ご自分の決算書の作成方法は、消費税の取扱いの方法によって税込経理と税抜経理という2つの方法があります。経理方法の違いについてまとめてみました。

税込経理とは、税抜経理とは

税込経理や税抜経理とは、決算書に並んである数字を消費税込みの表示にするのか、それとも消費税抜きの表示にする方法です。

税込経理であれば、消費税込みの数字を
税抜経理であれば、消費税を除外した数字で表示します。

ちなみに、どちらで計算しても利益は同じになります。

例えば、売上11,000円(うち消費税1,000円)、仕入6,600円(うち消費税600円)であれば、損益計算書には以下のように表示されます。

税込経理 税抜経理
売上高 11,000 10,000
仕入高 6,600 6,000
租税公課(消費税) 400
利益 4,000 4,000

どちらの経理方法でも、利益は4,000円で変わりません。

経理方法で違うのが、消費税の取扱いのみです。

税抜経理であれば、消費税は経費に表示されます。

税込経理であれば、
預かった消費税(上記でいうと1,000円)は仮受消費税として貸借対照表の負債に、
支払った消費税(上記でいうと600円)は仮払消費税として貸借対照表の資産に、
それぞれ表示されます。

決算時には、仮受消費税と仮払消費税を相殺して残りが未払消費税として、
貸借対照表の負債に表示されます。
(上記で言えば1,000円-600円=400円が未払消費税として表示されます)

税抜経理のデメリット

税抜経理の最大のデメリットは、仕訳の処理が面倒になることです。

売上11,000円の仕訳も、

税込経理であれば、普通預金 11,000 / 売上高 11,000 でよかったものが、

税抜経理であれば、普通預金 11,000 / 売上高   10,000
仮受消費税 1,000

と2段になってしまい、複雑になります。

これが、消費税が含まれている取引の仕訳すべてに、仮受消費税や仮払消費税といった項目が出てきます。
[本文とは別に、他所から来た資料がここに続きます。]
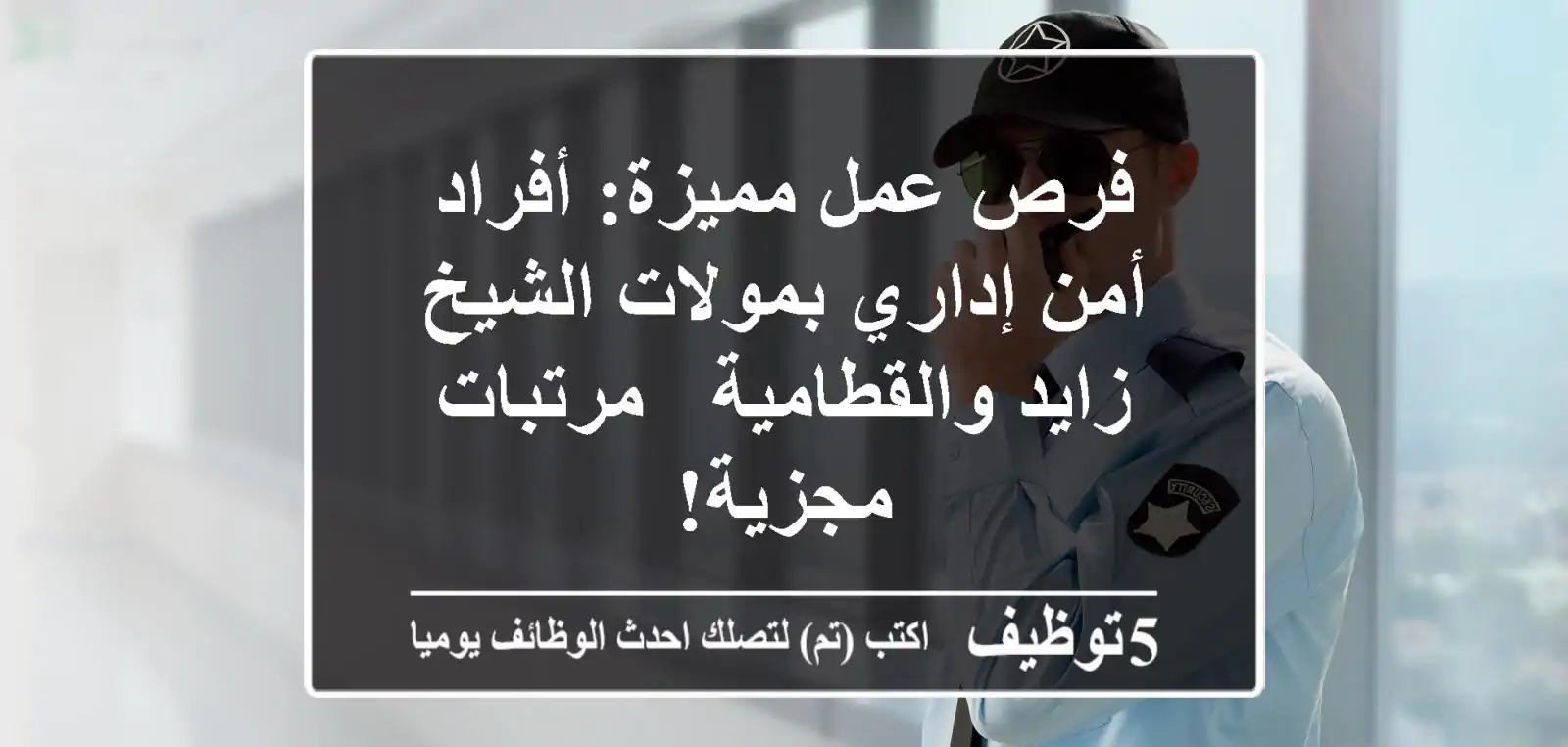 فرص عمل مميزة: أفراد أمن إداري بمولات الشيخ زايد والقطامية - مرتبات مجزية!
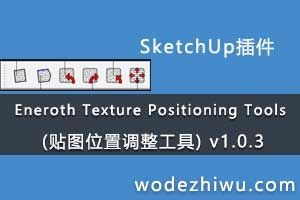 Eneroth Texture Positioning Tools (ͼλõ) v1.0.3
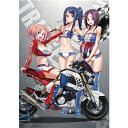 トリアージX 第3巻《限定版》 (初回限定) 【DVD】
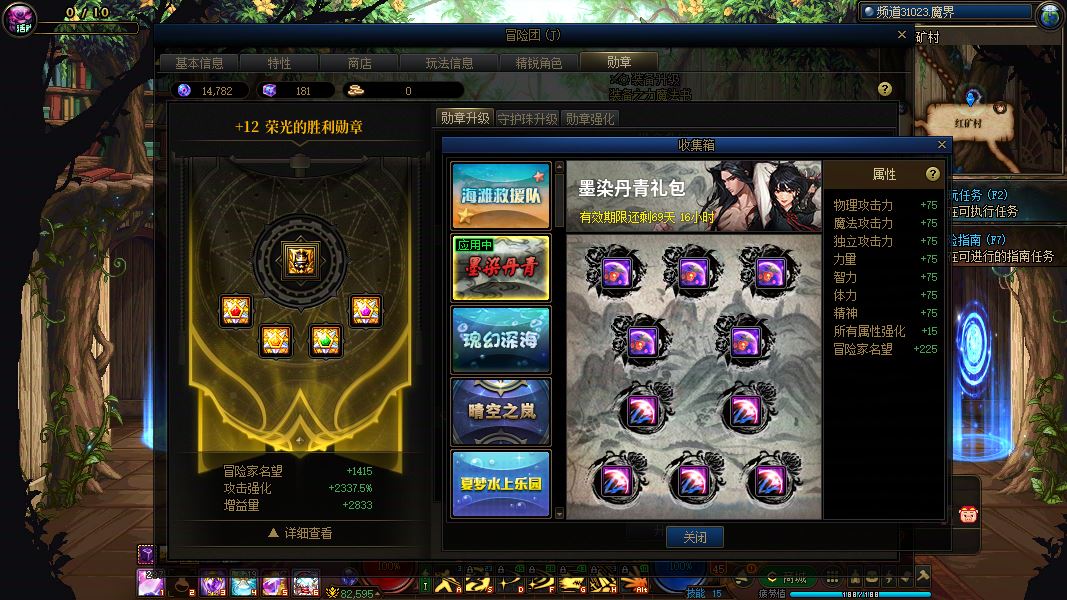 http://www.youxiduoduo.com/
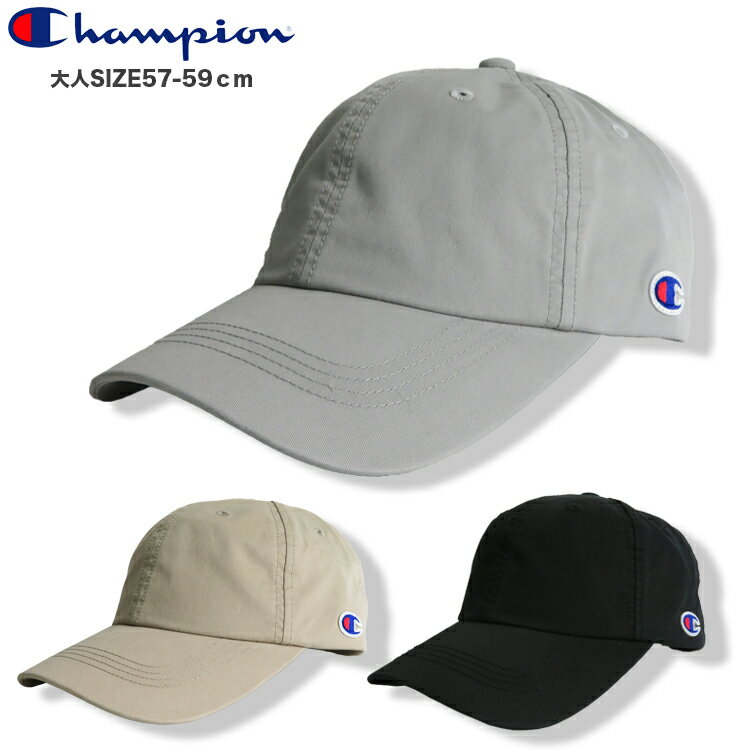 チャンピオン キャップ メンズ 【父の日GIFT】【10％OFF】【SALE】【CHAMPION 04-03】CHAMPION ツイルワンポイントCAP新作 チャンピオン 帽子 キャップ CAP レディース メンズ レディースキャップ ツイルキャップ 刺繍 ロゴキャップ チャンピオン帽子 ブランド帽子 ブランド 紫外線対策 プレゼント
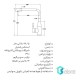 شیر ظرفشویی استیل البرز مدل ST112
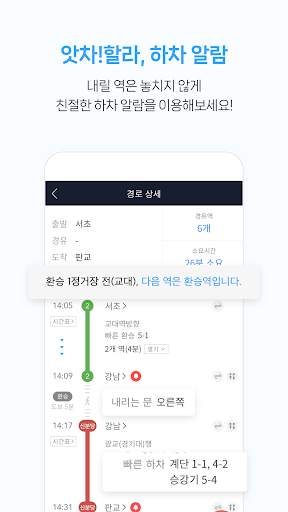 지하철 종결자 : Smarter Subway скриншот 6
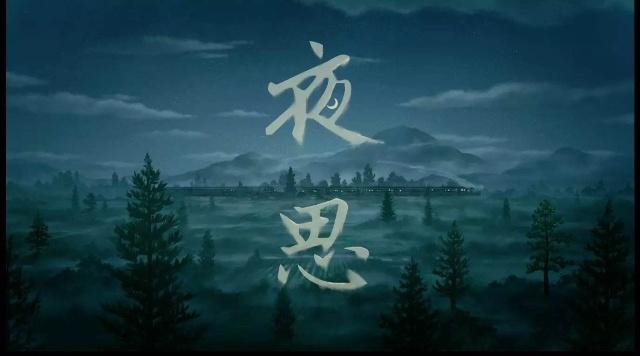 中国唱诗班：系列动画《夜思》制作花絮，给我们传递的不仅是技术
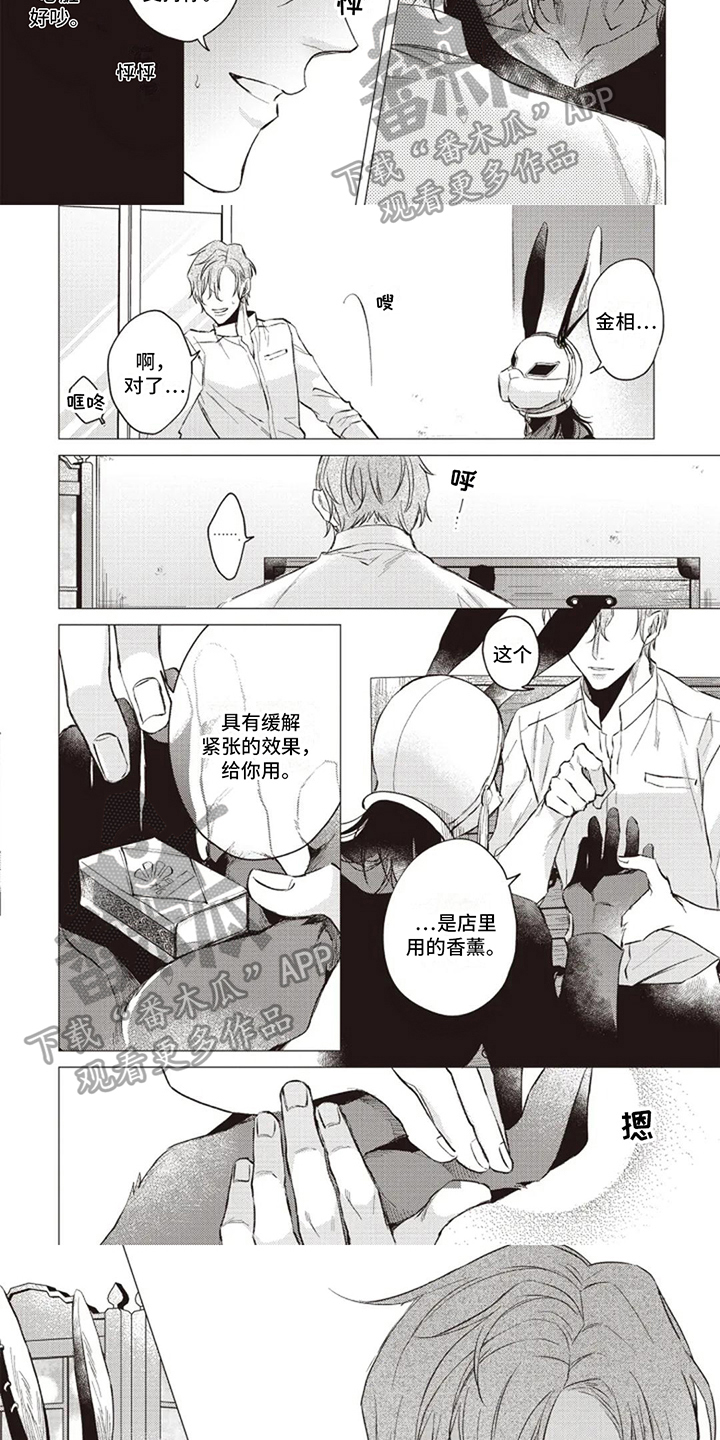 第10话2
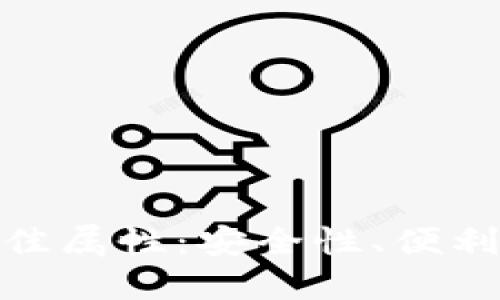 数字钱包的最佳属性：安全性、便利性与可扩展性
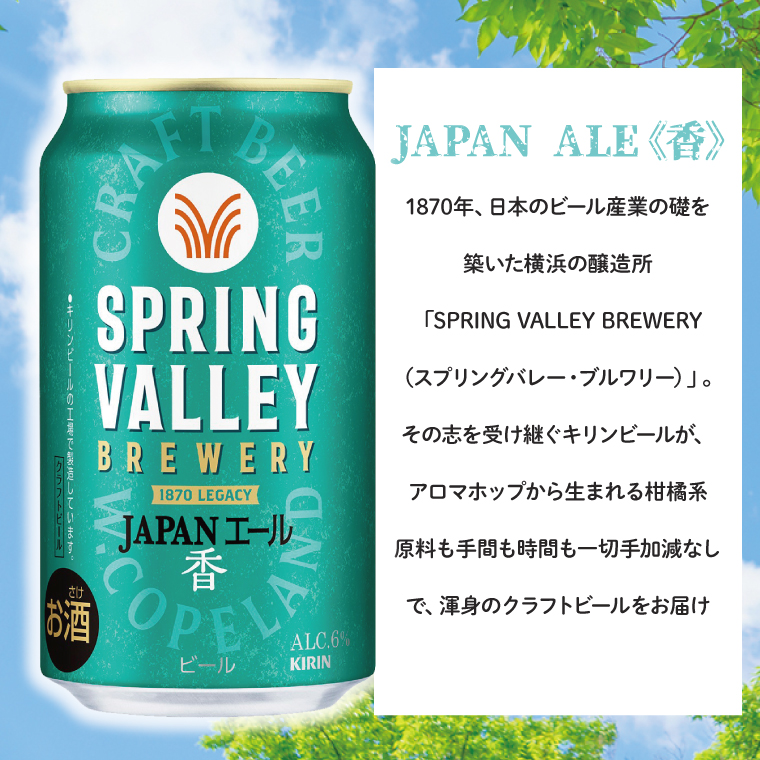 キリンビール取手工場産 スプリングバレージャパンエール〈香〉350ml缶×24本|KIRIN 麒麟 ビール クラフトビール SPRING VALLEY BREWERY 茨城県 取手市（AB001-1）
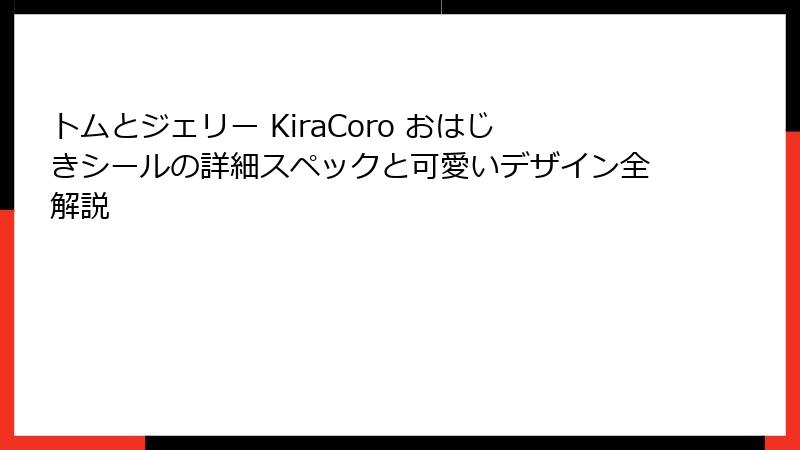 トムとジェリー KiraCoro おはじきシールの詳細スペックと可愛いデザイン全解説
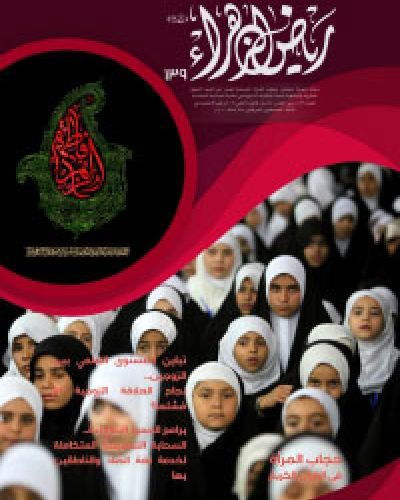 رياض الزهراء
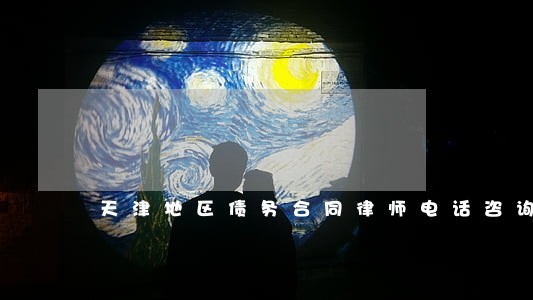 天津地区债务合同律师电话咨询 天津地区债务合同律师电话咨询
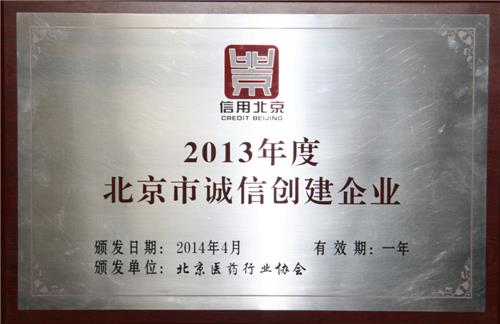 银河电子游戏网址平台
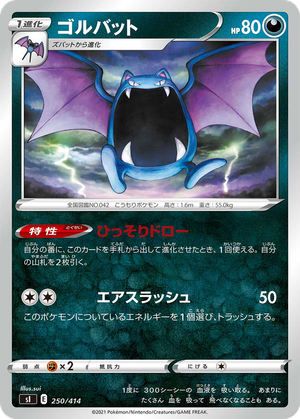 Golbat card image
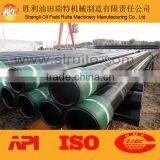 2014 BAPI Seamless Steel Pipe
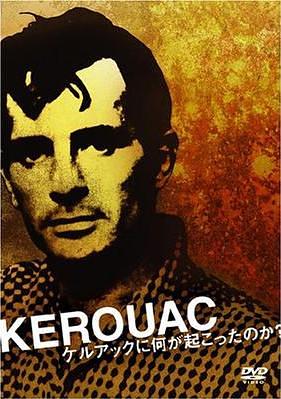 Kerouac -ケルアックに何が起こったのか?-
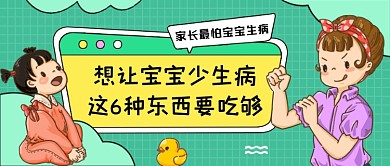 育儿知识分享绿色清新公众号首图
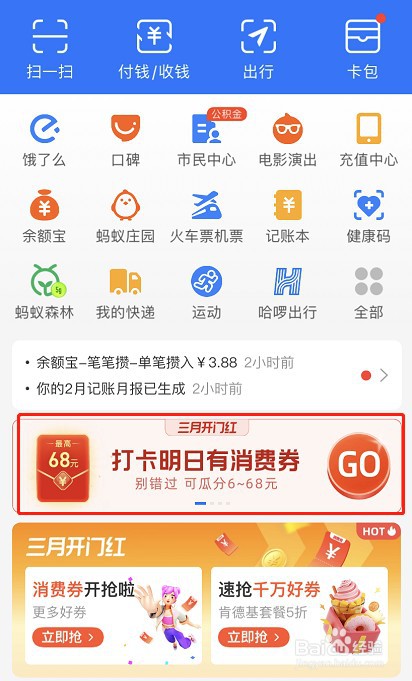 支付宝三月开门红怎么瓜分红包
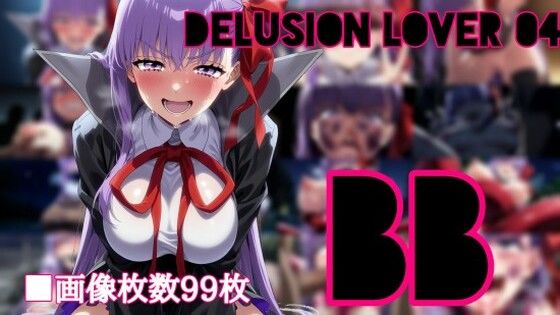 d 614808pl - delusion lover 04【PN】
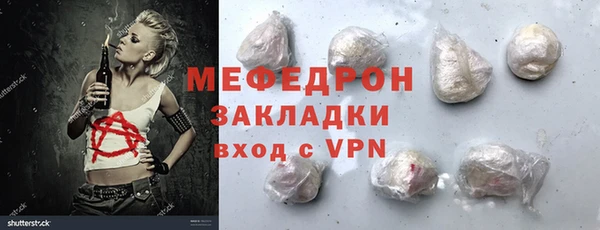 меф Наволоки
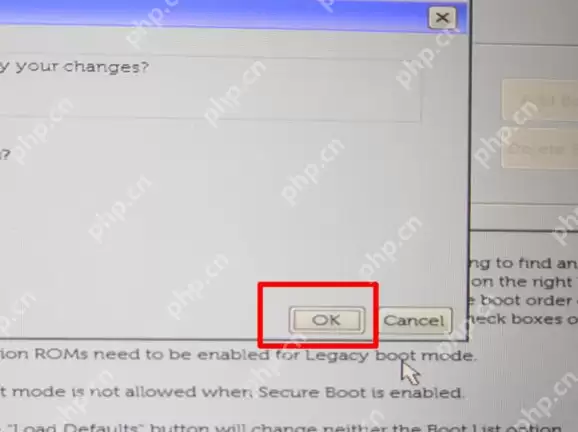 2018戴尔最新版电脑bios设置u盘装系统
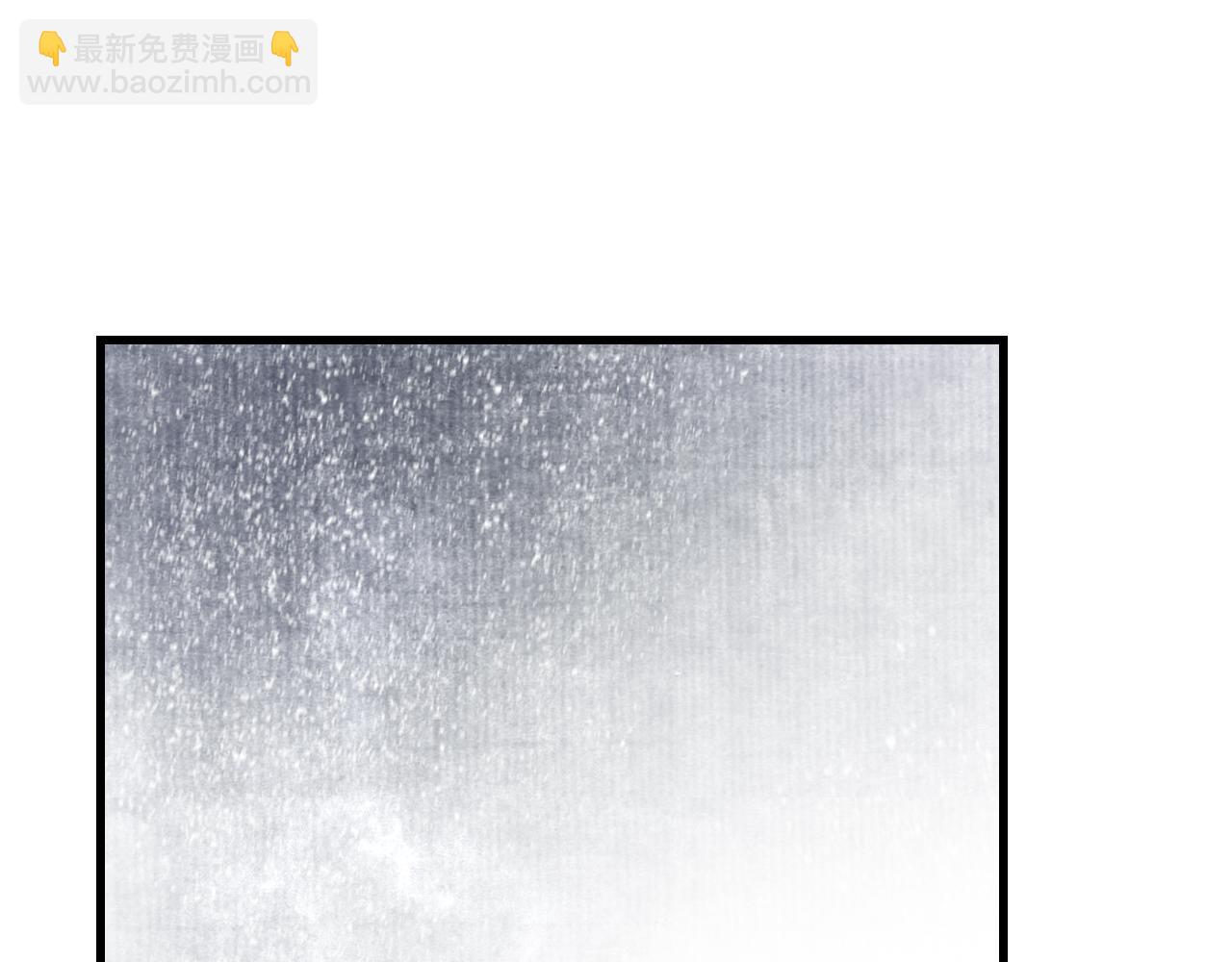 第100话 神秘"师兄"现身(1/2)-第110话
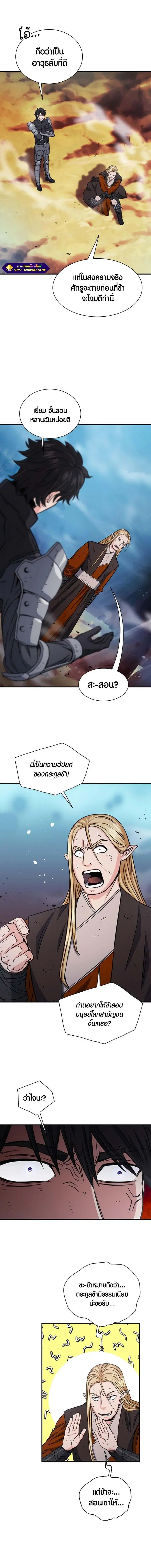 หน้า 5 จาก 19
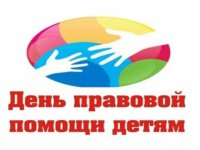 Всероссийский День правовой помощи детям пройдет 19 ноября 2021 года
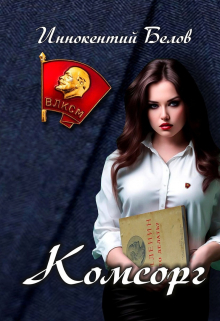 Комсорг / Иннокентий Белов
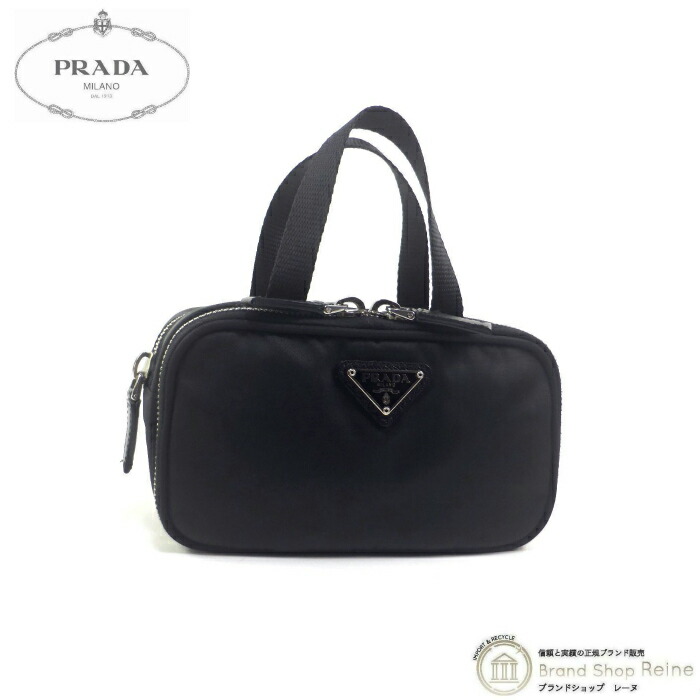 楽天市場】プラダ （PRADA） ナイロン テスート×サフィアーノ コスメ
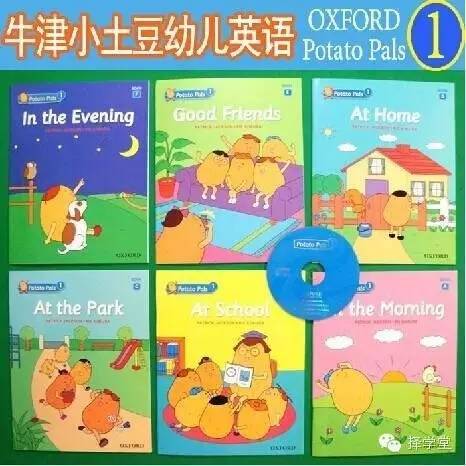 牛津树英语一对一外教价格：免费领取！红遍133个国家的牛津阅读树外语学习教材-第12张图片-阿卡索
そのため、手書きで決算書を作成するのは、ほぼ不可能になります。

一方で、会計ソフトを利用していれば、税込経理と同じように入力すれば、自動的に仮受消費税・仮払消費税を計算してくれますので、手間はさほど変わりません。

税抜経理のメリット

税抜経理のメリットは、消費税の納税額を把握しやすい点です。

試算表の貸借対照表を見て、
仮受消費税(負債)-仮払消費税(資産)-中間納税額
をすれば、現時点で納めるべき消費税がはっきりします。

消費税は赤字であっても納税が発生しやすく、納税額も多額になるケースが多いです。

決算期の消費税の納税が多額になるケース

決算の時期になって資金繰りに追われることはなくなります。

また、30万円未満のモノを買ったときに1回で経費にできる特例がありますが、
この30万円未満の判定は、
税抜経理であれば、税抜の金額で
税込経理であれば、税込みの金額で判断することになっています。

つまり、税抜経理であれば329,999円までであれば、1回で経費にすることができます。
多少ながら、税抜経理の方が得することになります。

<大事なこと>
税抜経理であれば、消費税の納税額が把握しやすいため、消費税の原則課税であれば税抜経理をお勧めします。